Write the entries out again exactly as they stand, but without the pictures.

_Record set:_
----
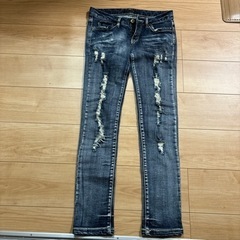 ダメージジーンズ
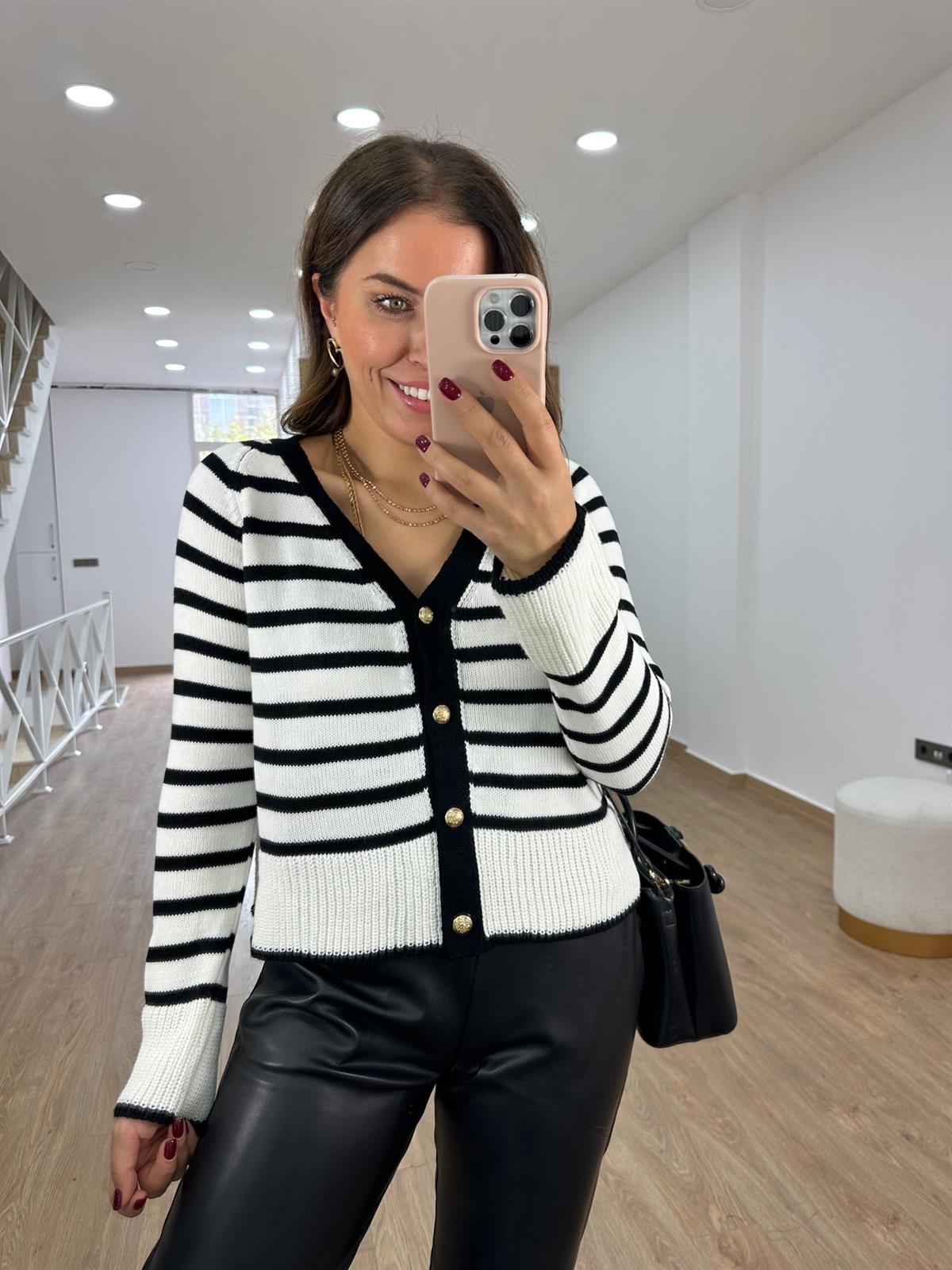 Gold Düğmeli Çizgili Triko Hırka-Ekru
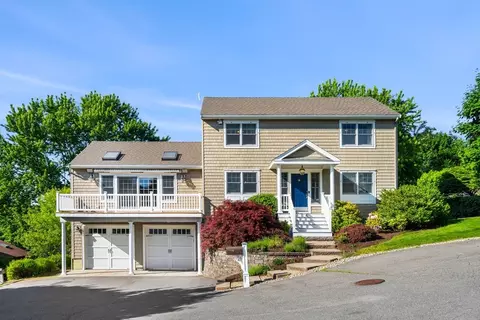 4 Scenic Ter, Salem, MA 01970
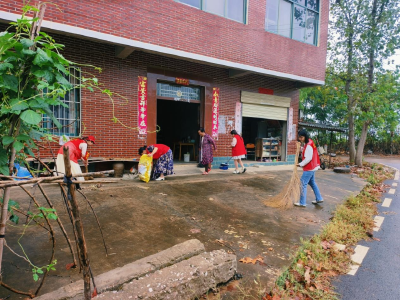 蒲团乡：月满中秋 情系困难老人 用爱拉近距离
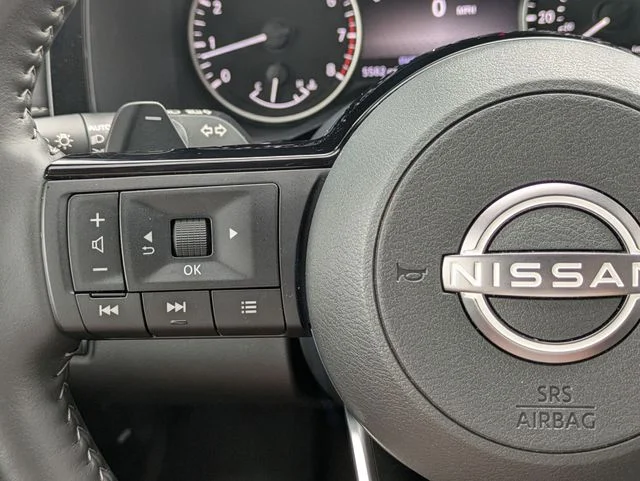 Used 2025 Gray Nissan SL image 15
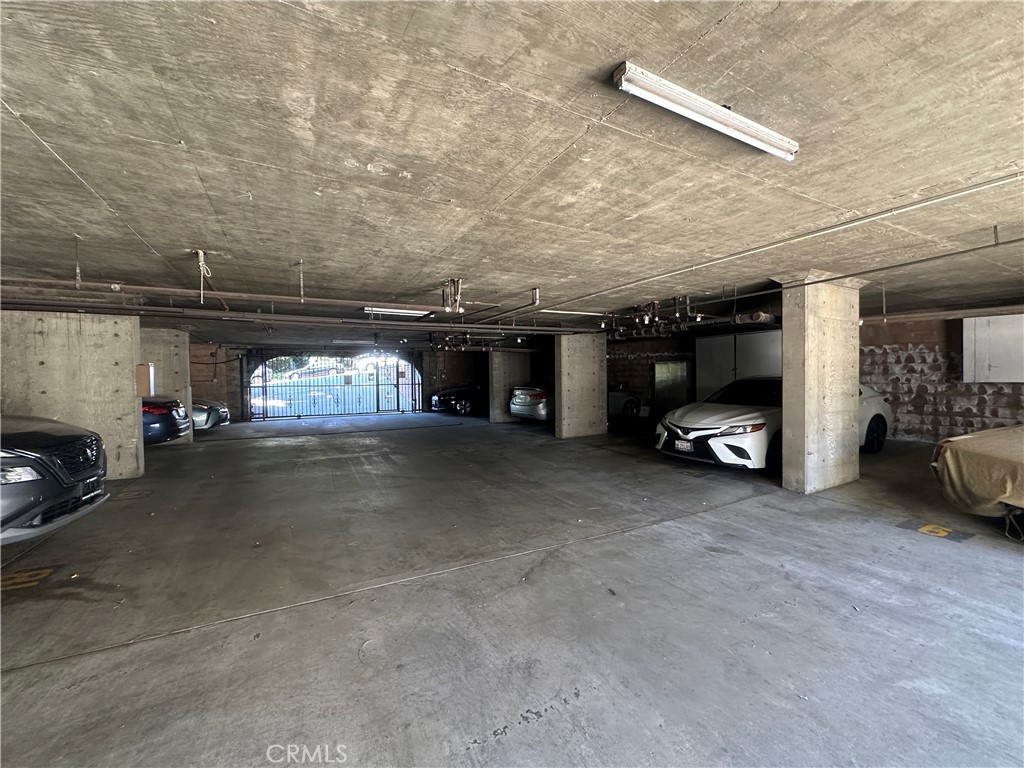 1222 N Olive Property Photo 15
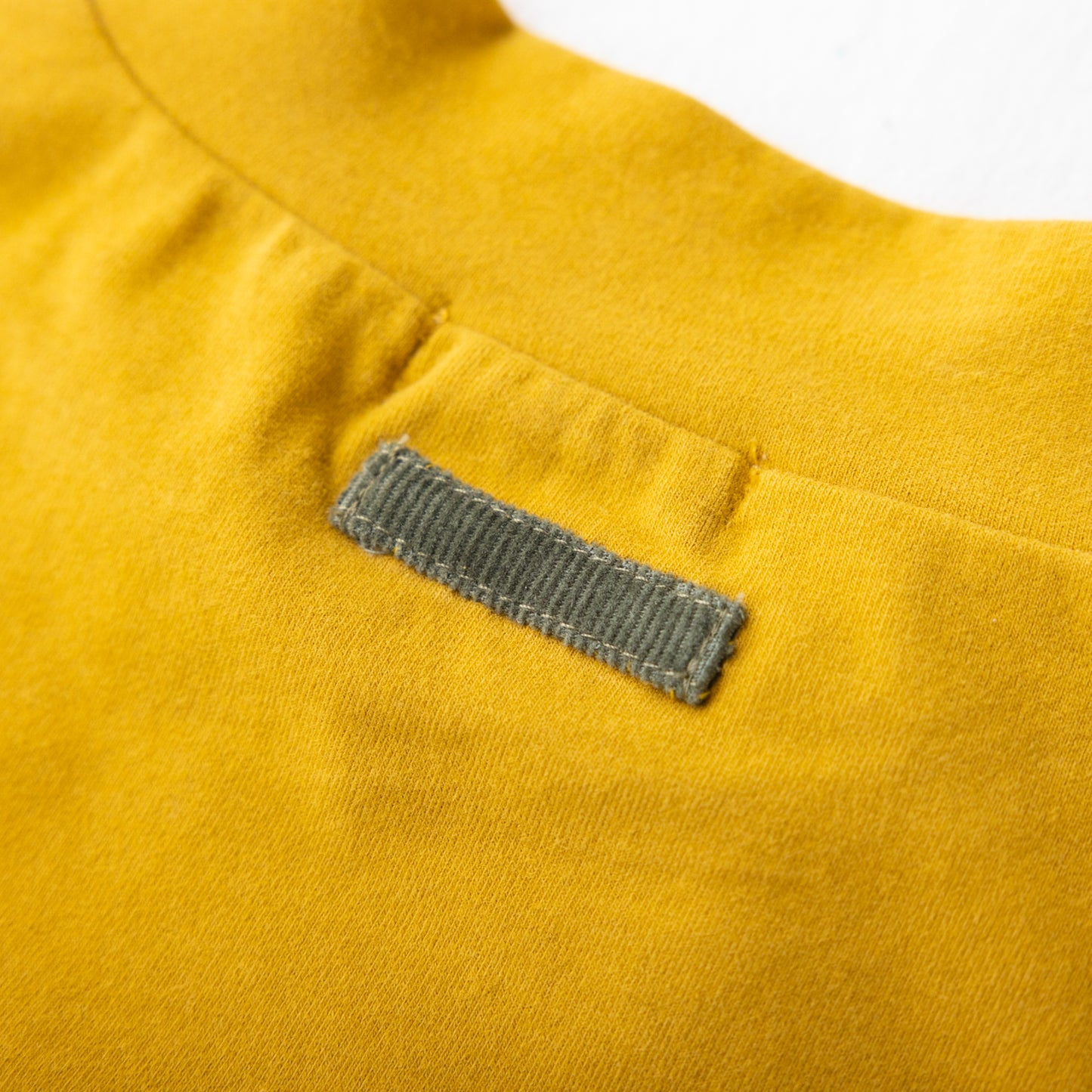 ハイネックTシャツ YELLOW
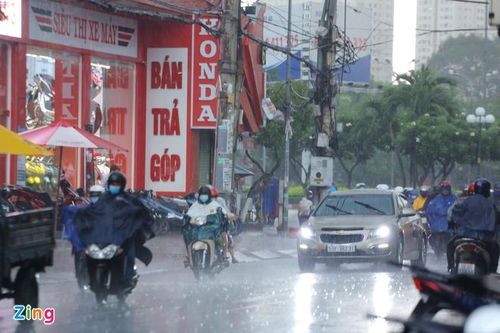 'Mưa vàng' giải nhiệt cho TP.HCM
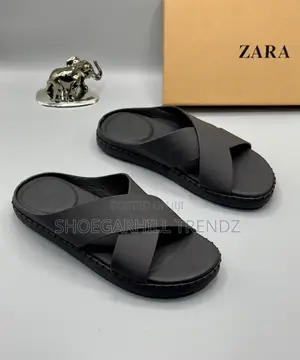 Zara Crisscross Palm Slippers | Modern Comfort Style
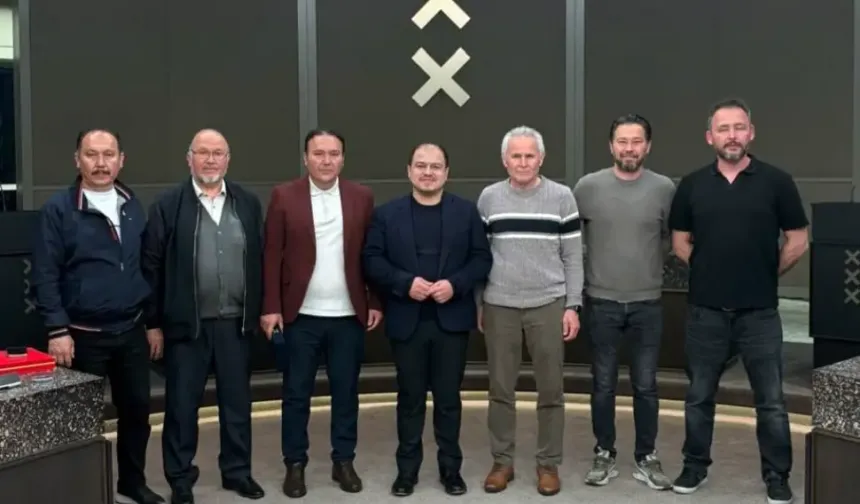 Dünya Nogay Türkleri Amsterdam’da birlik mesajı verdi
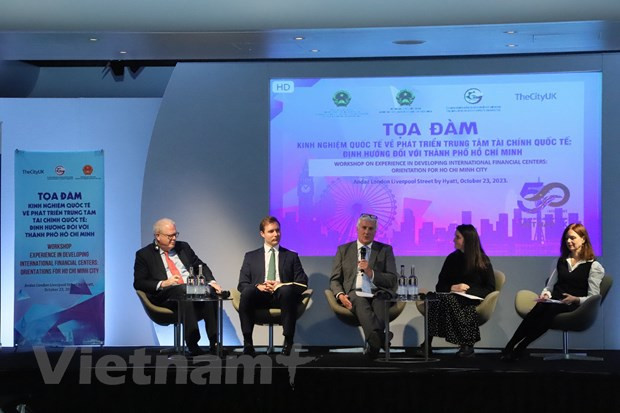 Vietnam et Royaume-Uni échangent leurs expériences dans le développement de centres financiers internationaux ảnh 1 Vietnam et Royaume-Uni échangent leurs expériences dans le développement de centres financiers internationaux ảnh 1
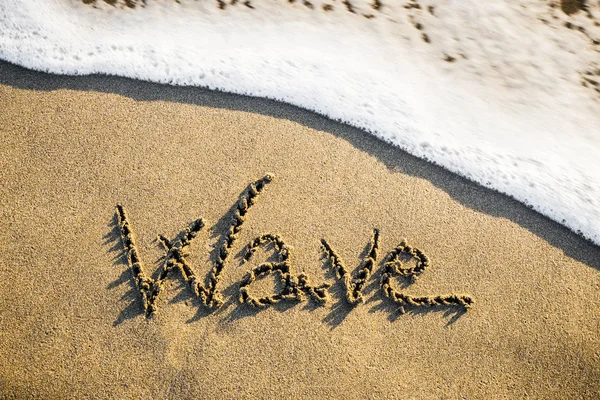 Die Welle, die in den Sand gemeißelt kommt — Stockfoto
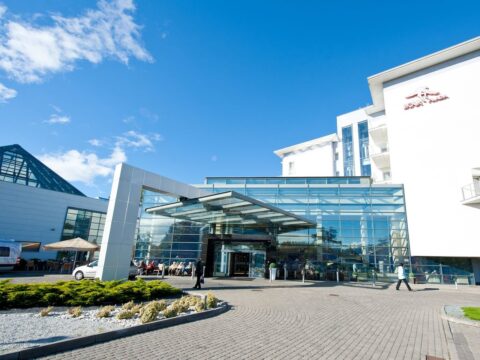 Haupteingang des Kur- und Wellnesshotels Ikar Plaza bei Sonnenschein an Silvester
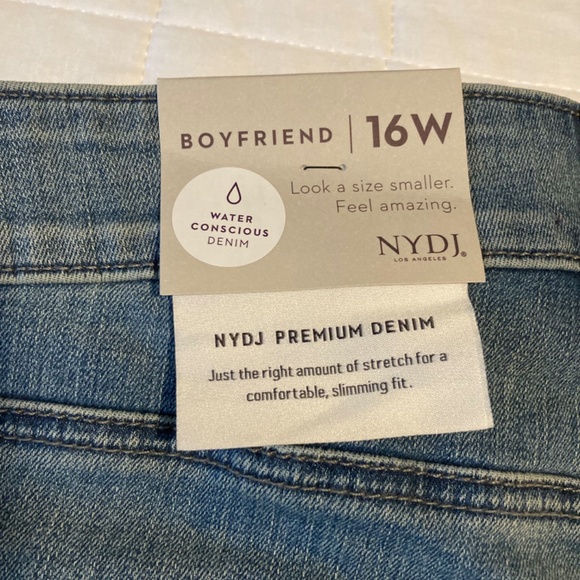 NWT NYDJ boyfriend embroidered jeans sz 16W - Picture 6 of 10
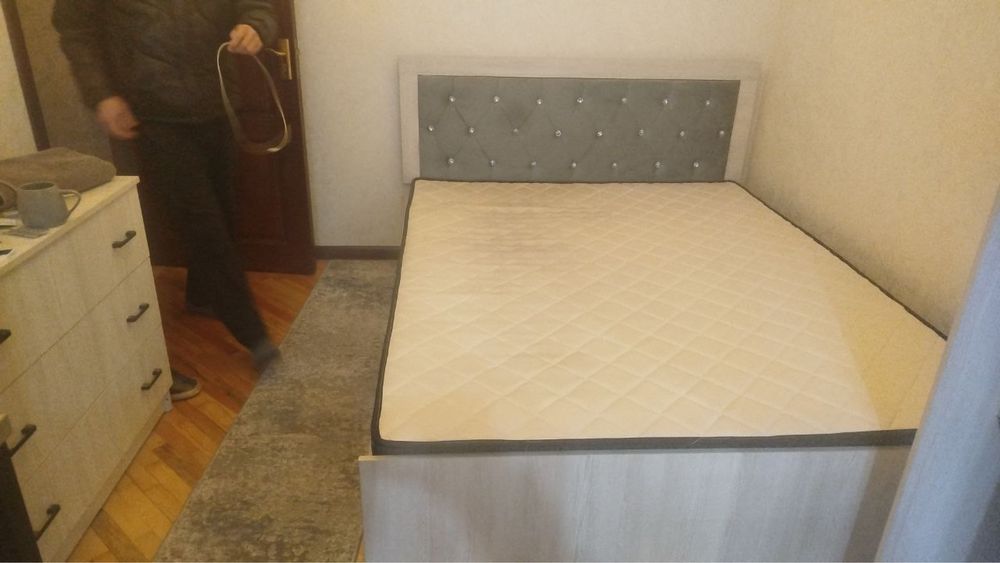 Срочно продам двухспальный кровать в хорошем состоянии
----
_Result of this task:_
 ダメージジーンズ
 Gold Düğmeli Çizgili Triko Hırka-Ekru
 4 Scenic Ter, Salem, MA 01970
 蒲团乡：月满中秋 情系困难老人 用爱拉近距离
 Used 2025 Gray Nissan SL image 15
 1222 N Olive Property Photo 15
 ハイネックTシャツ YELLOW
 'Mưa vàng' giải nhiệt cho TP.HCM
 Zara Crisscross Palm Slippers | Modern Comfort Style
 Dünya Nogay Türkleri Amsterdam’da birlik mesajı verdi
 Vietnam et Royaume-Uni échangent leurs expériences dans le développement de centres financiers internationaux ảnh 1 Vietnam et Royaume-Uni échangent leurs expériences dans le développement de centres financiers internationaux ảnh 1
 Die Welle, die in den Sand gemeißelt kommt — Stockfoto
 Haupteingang des Kur- und Wellnesshotels Ikar Plaza bei Sonnenschein an Silvester
 NWT NYDJ boyfriend embroidered jeans sz 16W - Picture 6 of 10
 Срочно продам двухспальный кровать в хорошем состоянии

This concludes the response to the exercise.